Apr 8 2014
An innovative kidney transplant technique developed by Henry Ford Hospital is credited as the first in the world to use a new set of patient safety standards coordinated by the University of Oxford in England.
The standards are being assembled and offered as a framework for developing, performing and reporting surgical innovations that, unlike new medical treatments, are not under strict regulations and control.
One historic example cited by the Oxford group was the introduction of tracheostomy as a surgical method of treating an obstruction in the trachea. The technique was clearly an innovation at the time, but was not required to go through a randomized controlled trial or other strictures required of new prescription drugs and medical procedures.
Patient safety during the learning curve posed by all surgical innovation has been a matter of concern among surgeons and related professionals for about a decade.

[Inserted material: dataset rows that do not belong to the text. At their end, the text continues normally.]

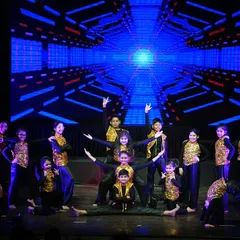 Our youngest stars lighting up the stage with their freestyle hip hop performance. We nurture talent from a young age, giving kids the confidence to own the spotlight.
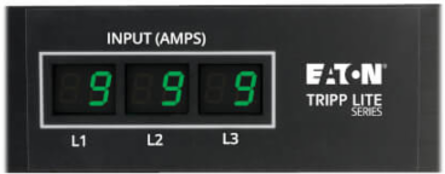 Metered 8.6kW 3-Phase Vertical PDU, 36 C13, 6 C19, NEMA L21-30P, 6ft Cord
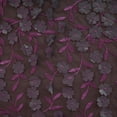 thumbnail image 2 of Zelouf Caryn 3D Flower Embroidery Mesh  , Sewing, DIY, Crafts Fabric by the Yard, Mulberry, 20 Yard, 2 of 2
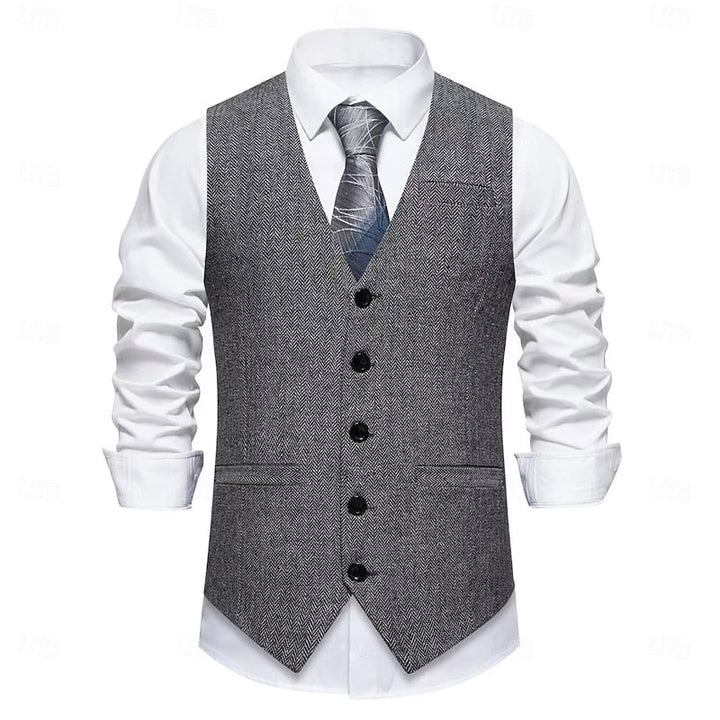 Emmett | Op maat gemaakte enkel-breasted vest
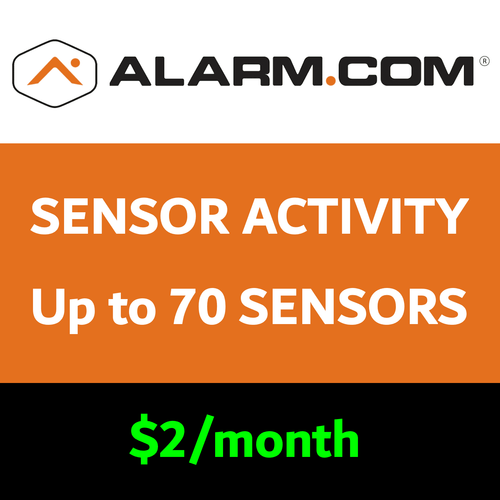 Alarm.com Sensor Activity When System is Disarmed (Up to 70 Sensors)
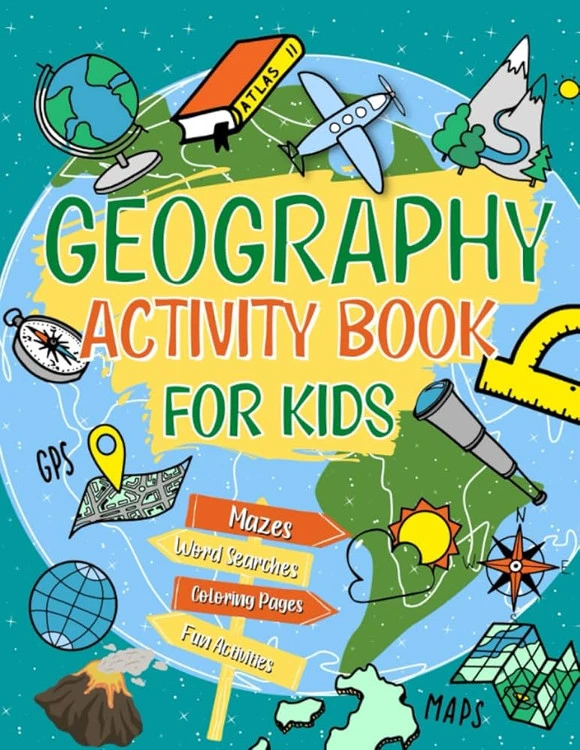 ** Geography Activity Book For Kid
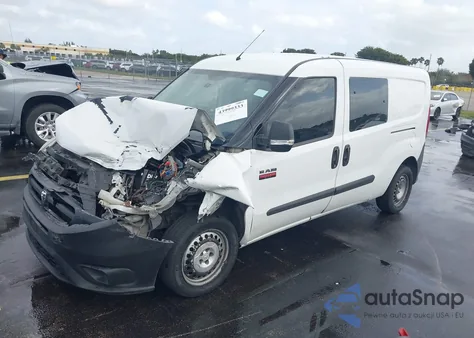 2017 Ram Promaster City Tradesman from USA, damaged, VIN ZFBERFAB4H6E18381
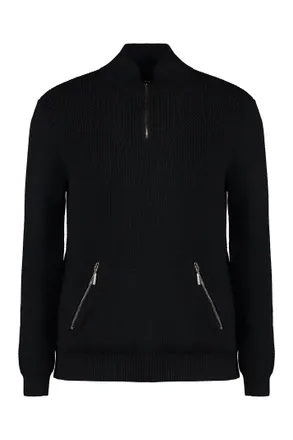 Moorer Cloud Turtleneck Wool Pullover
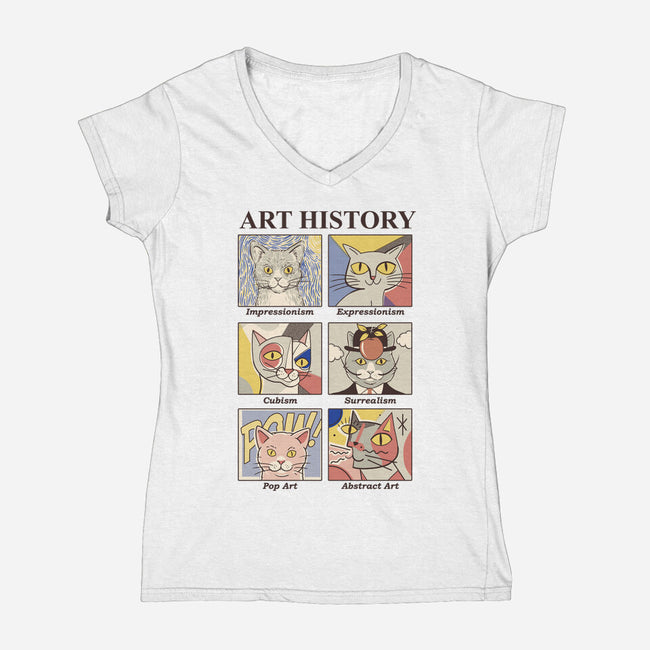 Art History-womens v-neck tee-Thiago Correa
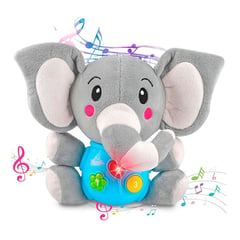 GENERICO - Juguete Para Bebe Peluche Elefante Luces Sonidos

The Oxford group, an international collaboration of such professionals, responded with the creation of IDEAL – its recommended guidelines for Innovation, Development, Exploration, Assessment and Long-term Study.
Three years ago, Henry Ford surgeons and researchers set out to test a minimally-invasive kidney transplant cooling technique conceived by Mani Menon, M.D., chairman of Henry Ford's urology department and a pioneer in robot-assisted surgery.
They decided to develop, test and learn the technique using the IDEAL guidelines. After the study period, the innovative surgery was recently described in several peer-reviewed research papers published in European Urology, the journal of the European Association of Urology.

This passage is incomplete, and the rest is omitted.